2. then multiply 5*5*2 u will get 50 and then take the carry down value2 now the total is 50+2=52.
3. Again take 2 and carry down 5.
4.now do the square of first digit and add the carry down number i.e.5.
Now the Answer is 3025.

kprat90 wrote:take any two digit
Eg: 55 square= 1. 5 square 25 and take 5 and carry down 2.
2. then multiply 5*5*2 u will get 50 and then take the carry down value2 now the total is 50+2=52.
3. Again take 2 and carry down 5.
4.now do the square of first digit and add the carry down number i.e.5.
Now the Answer is 3025.

Isn't much easier this way?

In squaring a two-digit number ending in 5, simply put 25 as the last two digit (of your answer) and multiply the digit in the ten's decimal place by a number next to it higher by 1...

that is, 5 x 6 (6 is a number next to 5 higher by 1)= 30

= 30'25

Here's another example... squaring 85

_ _ ' 2 5 (as the last digit of your answer)

8 x 9 = 72

Answer: 72'25

a certain method for squaring of numbers exists
as in if i wantd to figure out da answer for 33^2,the ans can be found by 33^2=35^2-34*4
if i used the same method for 34^2 naturally it would be 35^2-34.5*4
but my answer is incorrect. Is this method appropriate??

a certain method for squaring of numbers exists
as in if i wantd to figure out da answer for 33^2,the ans can be found by 33^2=35^2-34*4
if i used the same method for 34^2 naturally it would be 35^2-34.5*4
but my answer is incorrect. Is this method appropriate??

beat da gmat wrote:a certain method for squaring of numbers exists
as in if i wantd to figure out da answer for 33^2,the ans can be found by 33^2=35^2-34*4
if i used the same method for 34^2 naturally it would be 35^2-34.5*4
but my answer is incorrect. Is this method appropriate??

35^2 = 12'25 (can be done mentally)
but why the need to multiply 34 by 4?

The simplest way is by the use of this popular equation, (x+y)^2 - x^2 + 2xy + y^2

33^2 = 09'09 (Partial Square Value w/c is equivalent to x^2 + y^2)
30x3x2= 1 80 (Sub-product) w/c is equivalent to 2xy...
Total = 10'89
(of course with the conditions that x = 30 and y = 3)

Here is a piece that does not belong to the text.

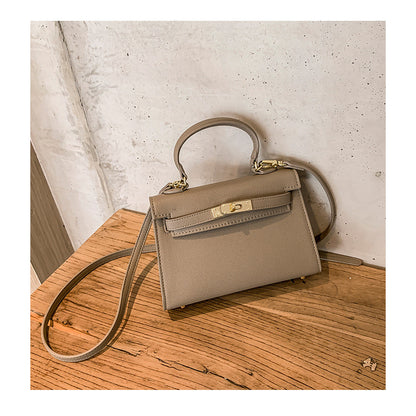 Ielgy Soft Leather Portable Fashionable All-Match Women's Shoulder Messenger Bag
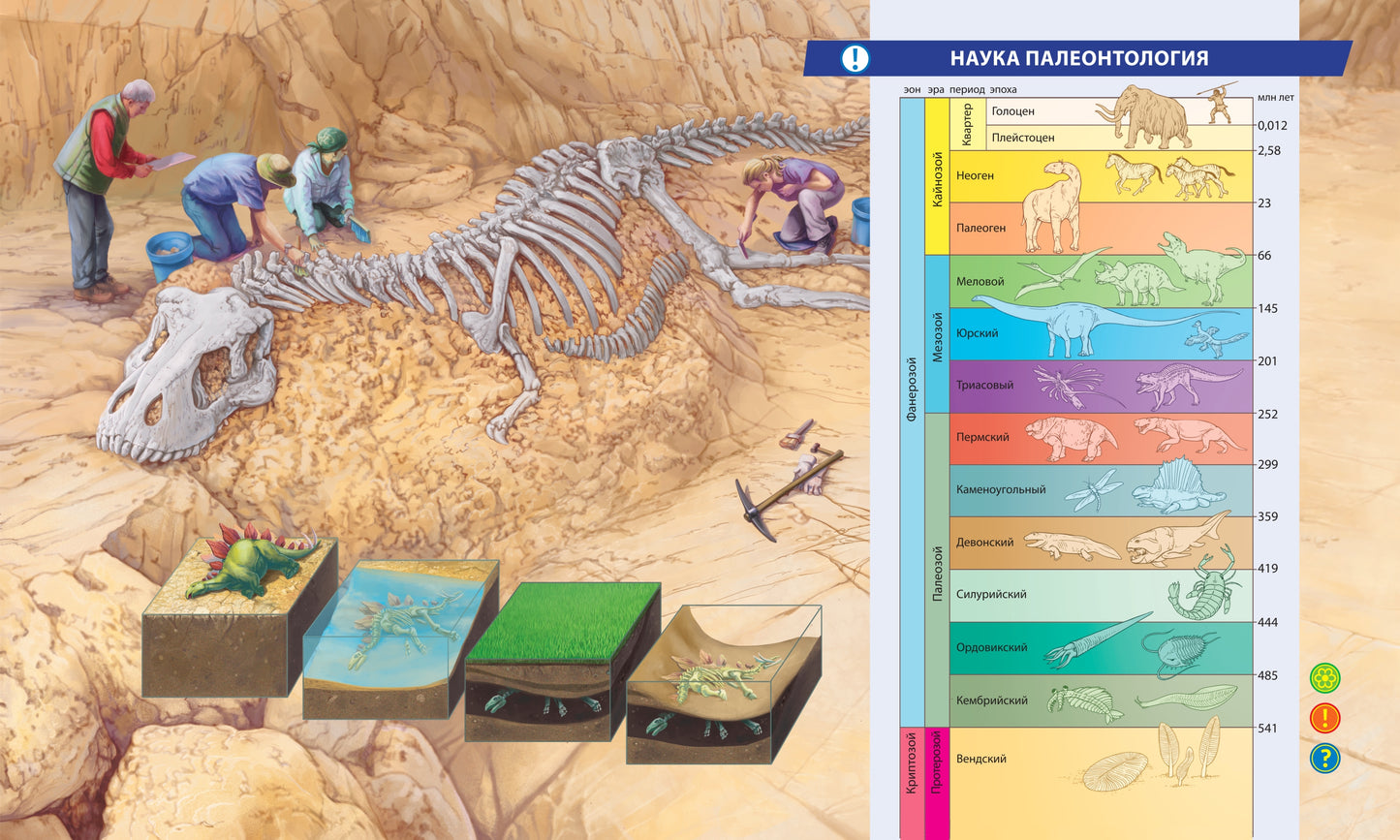 Динозавры. До и После. (для интерактивного карандаша Букмарк)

w/ SSQ Method (Synthetic Squaring Method), the appropriate 'index squares' fall in their respective decimal places, such as...

34^2 = 09'16
3x4x2 = 2 4
Total= 11'56

Why complicate your self?

k wen a postive integer is given u have 2 take a postive number wile fining square roots n wen a odd no.is give u have to take an odd no
n it shod b a prime number

Please write in proper english language. Also, please explain clearly what you wish to tell. thanks

this method is excellent.... it helped me

we can find the sqare root by two methods
1)prime factorisation
2)Division method

PRIME FACTORISATION
Q)Find the square of 9801

3|9801
3|3267
3|1089
3|363
11|121
|11
prime factors are=3x3x3x3x11x11
make the pairs of aa
3x3x11=99
thus the square root of9801 is 99

IT IS A EASIEAR WAY TO FIND

to find square root of 9801 by division method
1) divide it into pairs (98)(01)
2) divide first pair with square of number and take that number as quotient and bring next pair with remainder 9 |(98)(01)| 9
______________________________ -81
_______________________________1701
now taking double of quotient divide again byng nearest number next to it such that by multiplying final number by number obtained the product is less than equal to dividend 189|1701|99
_____________________________1701
_____________________________0

this is somewhat difficult....

flixblixclix wrote:we can find the sqare root by two methods
1)prime factorisation
2)Division method

PRIME FACTORISATION
Q)Find the square of 9801...

Sorry, I rather prefer the easier method of:
1) Determining the first two digits
2) Determining the last digit
With the condition: THE GIVEN NUMBER IS A PERFECT SQUARE

OK, let's assume 9801 is a perk (perfect square number)
1) the first digit is 98
2) the last digit is 1

There is a technique w/c I called "Ten-Square Complements" in which there are always a pair of single digit numbers, when added will give us a sum of 10 and which their 'index squares' end, with the same digit number, such:

1 + 9 = 10, square of 1 = 01 while square of 9 = 81
2 + 8 = 10, square of 2 = 04 while square of 8 = 64
3 + 7 = 10, square of 3 = 09 while square of 7 = 49
4 + 6 = 10, square of 4 = 16 while square of 6 = 36
(Except 0 and 5, which don't have a pair)

9801 is a 4 digit number,
1) Regroup by twos - 98'01
2) Consider the first two digit, 98
The nearest square but less than 98 is 81 and its equivalent square root value is 9
3) The last digit of 98'01 is, of course, 1
There is a pair of single digit numbers with squares ending in 1 and these are 1 and 9
4) So,we have two possible square roots 91 and 98 and only one of them is correct

To determine which of the two is the right answer, simply consider the first digit of the possible answers (91 or 98) and "add 1" (that is, 9 + 1 = 10) and multiply to the original digit (9)
9 x 10 = 90

Conditions:
1) If the product (90) is less than the first two digits of the given problem (98), consider the much higher value among the two possible answers (between 91 and 98, choose 98)
2) If the product (90) is greater than the first two digits of the given problem (98),(which is not true or contradicting, in this case), consider the much lower value among the two possible answers (between 91 and 98, choose 91)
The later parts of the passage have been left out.